Frasca's new sister pizzeria shines

By Clay Fong

 

 

 

If I’ve learned anything from the recent proliferation of high-end pizza eateries in Boulder, it’s that these aren’t the cheesy parlors of my childhood. No straw hat-doffing servers or coin-operated mechanical pony rides here. You won’t find either at the new Pizzeria Locale, the eagerly anticipated Naples-influenced establishment from the same folks that brought you the celebrated Frasca.

Pizzeria Locale’s menu consists of salads, contorni (side dishes), desserts and pizzas. Pies range in price from $9 for a basic Marinara to $18 for a deluxe version featuring prosciutto and arugula, with a $5 upcharge for a gluten-free crust. While prices are not necessarily cheap, the friendly and informative service is more aligned with a pricier spot, although this attentiveness might not work well for a moody introvert.

Pal Alex and I savored the ambience, done up in contemporary grays set off by vibrant photographs of Italian street scenes. Hardworking chefs are constantly in motion at the wood-fired oven, adroitly kneading dough, plucking oregano off stems, and snapping pizzas off the peel and into the fire.
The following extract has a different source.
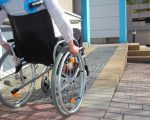 Національна стратегія із створення безбар’єрного простору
For starters, we had $1.50 arrancini, piping-hot fried spheres of rich and decadent risotto swirled with mozzarella. Less indulgent, but equally satisfying, was a $5 serving of verdure miste consisting of roasted eggplant, peppers and squash. Just the right amount of olive oil complemented these fine vegetables, while contributing to a sensual, velvety, texture.

 

Being both a vegetarian and traditionalist, Alex ordered the $12 Margherita pizza. This pie simply con sists of ingredients paralleling the shades of the Italian tricolor: buffalo mozzarella, San Marzano tomatoes and fresh basil. The minimalistic nature of this pizza demands that each ingredient perfectly complement the others. Locale’s pie rises to the occasion, with just the right amount of fresh basil and tangy tomato brightly contrasting with the wine-like complexity of the cheese.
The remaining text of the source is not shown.